B — Une réparation cantonnée à la perte de chance et un strict respect du contradictoire

Après avoir caractérisé le dol, la cour borne l’indemnisation au préjudice propre au choix de conserver le contrat. Elle affirme que « Le préjudice indemnisable de la victime ayant fait le choix de ne pas demander l’annulation du contrat correspond uniquement à la perte d’une chance d’avoir pu contracter à des conditions plus avantageuses. » Elle rappelle encore que « le juge ne peut refuser d’indemniser une perte de chance de ne pas subir un dommage, dont il constate l’existence, en se fondant sur le fait que seule une réparation intégrale de ce dommage lui a été demandée ». Dans cette perspective, la réouverture des débats assure la contradiction utile sur l’évaluation probabiliste du manque à gagner contractuel.

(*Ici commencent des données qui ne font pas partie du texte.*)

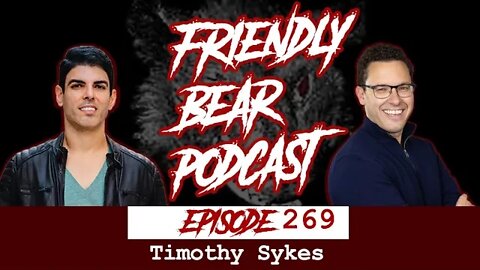 Timothy Sykes - Visiting Friendly Bear Podcast HQ & Discussing David's Trading Journey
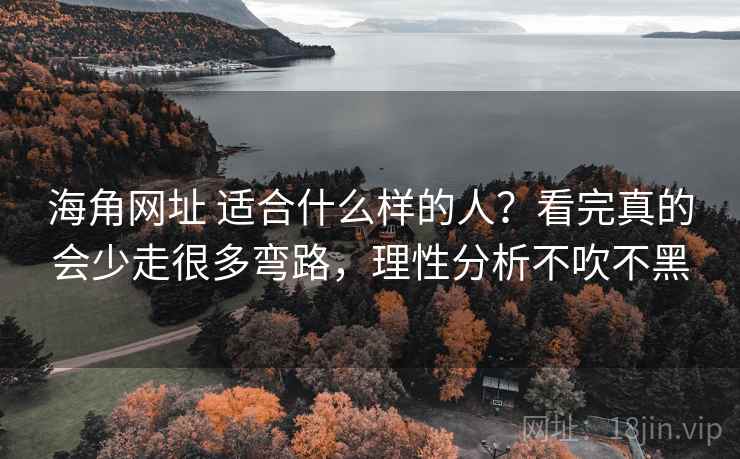 海角网址 适合什么样的人？看完真的会少走很多弯路，理性分析不吹不黑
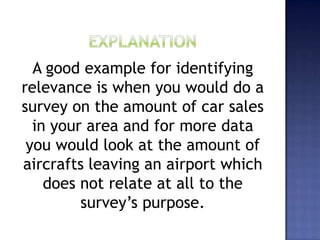 A good example for identifying
relevance is when you would do a
survey on the amount of car sales
in your area and for more data
you would look at the amount of
aircrafts leaving an airport which
does not relate at all to the
survey’s purpose.
 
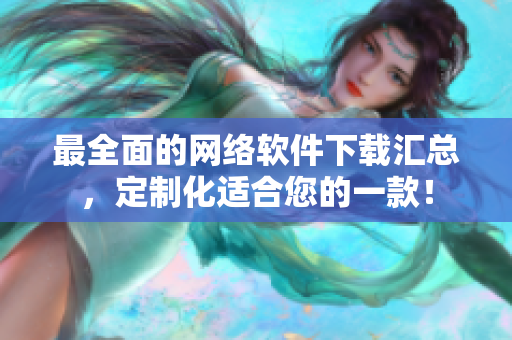 最全面的网络软件下载汇总，定制化适合您的一款！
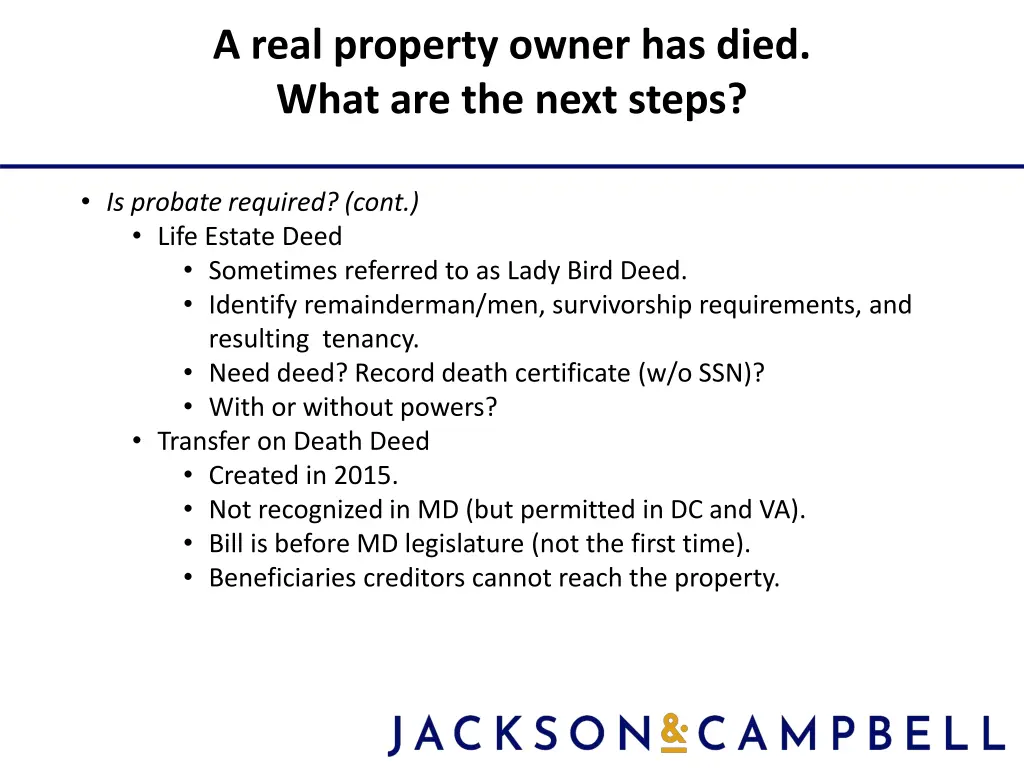 a real property owner has died what are the next 1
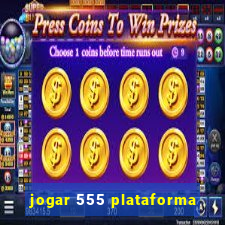 jogar 555 plataforma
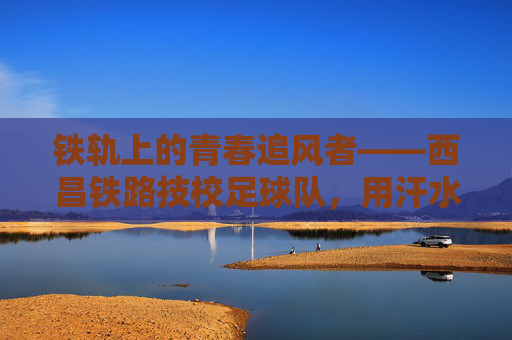 铁轨上的青春追风者——西昌铁路技校足球队,用汗水浇筑梦想,铁轨追风者,西昌铁路技校足球队用汗水浇筑青春梦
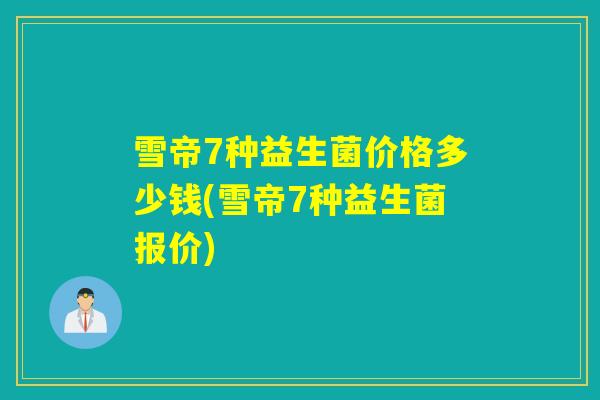 雪帝7种益生菌价格多少钱(雪帝7种益生菌报价)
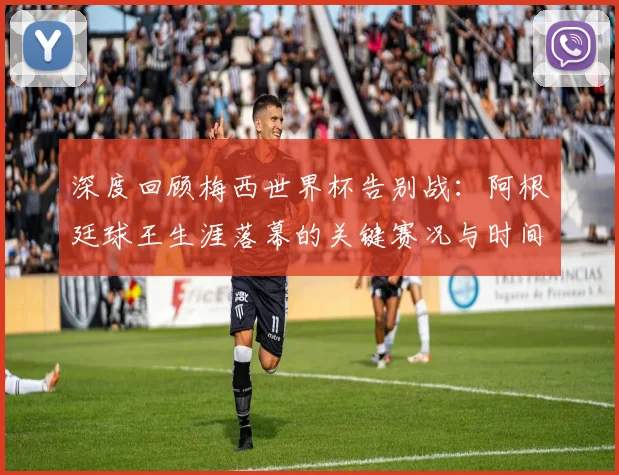深度回顾梅西世界杯告别战:阿根廷球王生涯落幕的关键赛况与时间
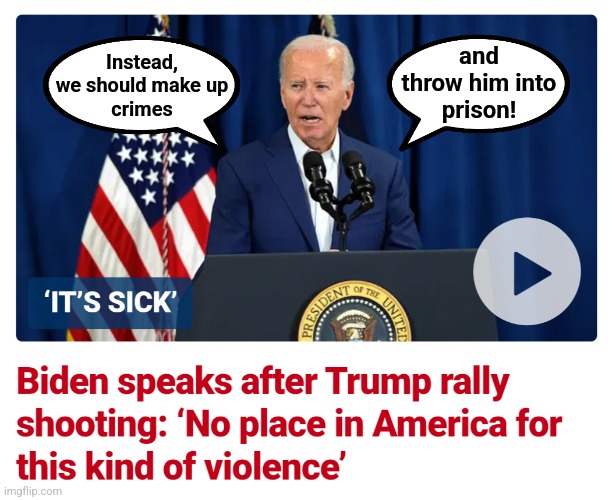 Choosing the correct banana republic persecution | and
throw him into
prison! Instead,
we should make up
crimes | image tagged in memes,joe biden,donald trump,assassination attempt,democrats | made w/ Imgflip meme maker
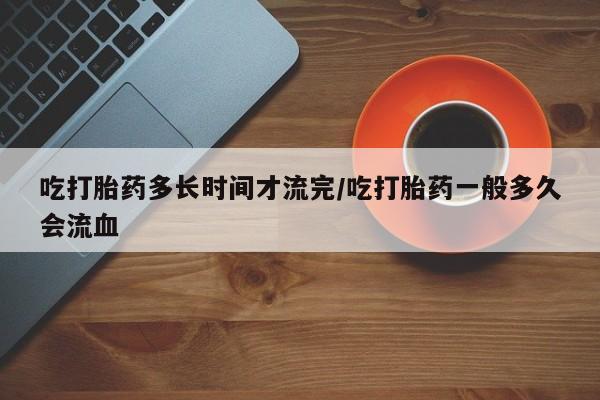 私人打胎药专卖联系微信吃打胎药多长时间才流完/吃打胎药一般多久会流血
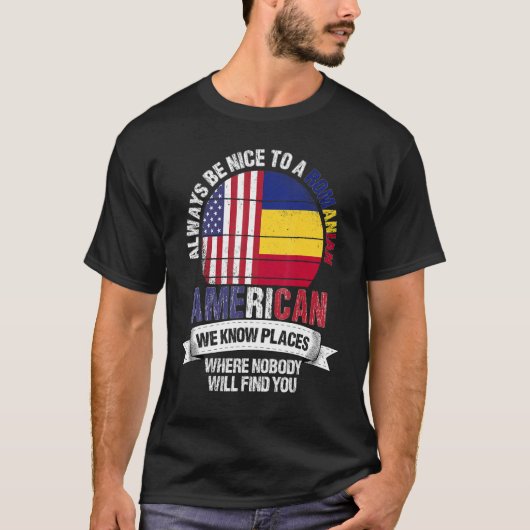Roemeens Amerikaan weten we waar Roemenië Fla is T-shirt (Voorkant)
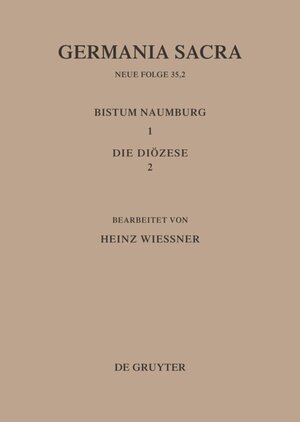 Buchcover Germania Sacra. Neue Folge / Die Bistümer der Kirchenprovinz Magdeburg: Das Bistum Naumburg 1,2: Die Diözese  | EAN 9783110805895 | ISBN 3-11-080589-8 | ISBN 978-3-11-080589-5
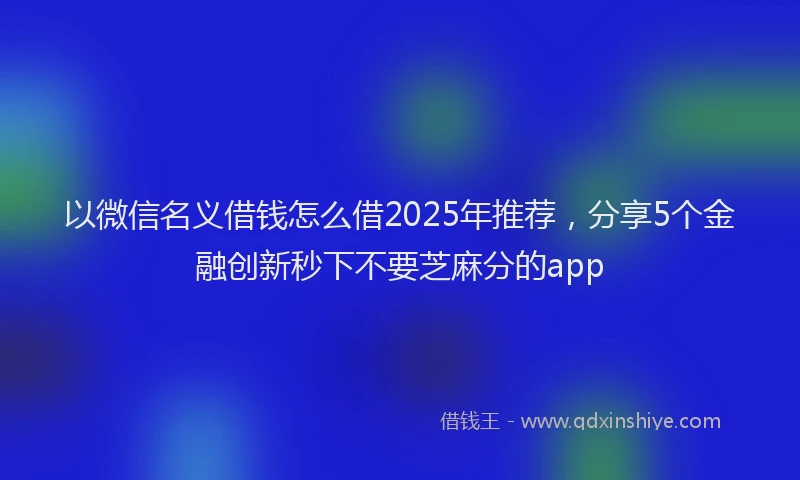 以微信名义借钱怎么借2025年推荐，分享5个金融创新秒下不要芝麻分的app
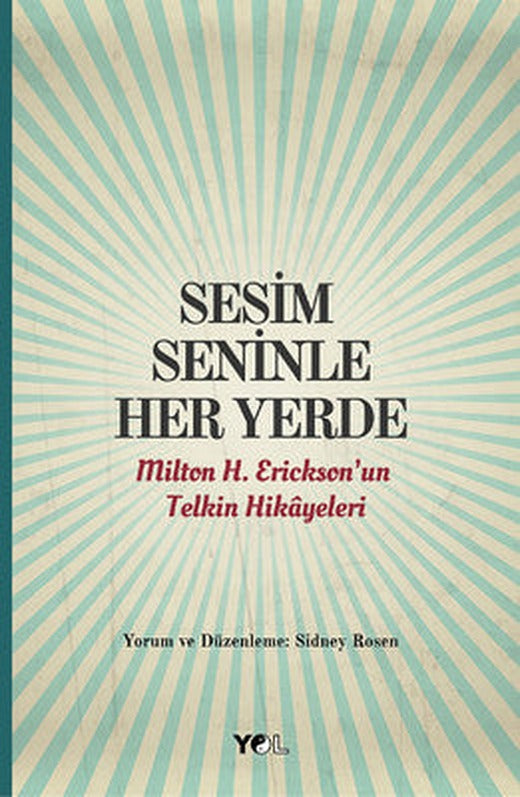 Sesim Seninle Her Yerde | Yol Yayınları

La portée pratique est double. La limitation à la perte de chance protège la cohérence des remèdes et la proportionnalité de la réparation lorsque le contrat est maintenu. Le dispositif retient la responsabilité délictuelle, ce qui interroge la qualification technique du fondement indemnitaire du dol de formation, souvent appréhendé sur le terrain contractuel. Ce choix, sans conséquence immédiate ici, commande cependant vigilance sur le régime applicable, notamment quant à la prescription, au lien de causalité et aux postes indemnisables.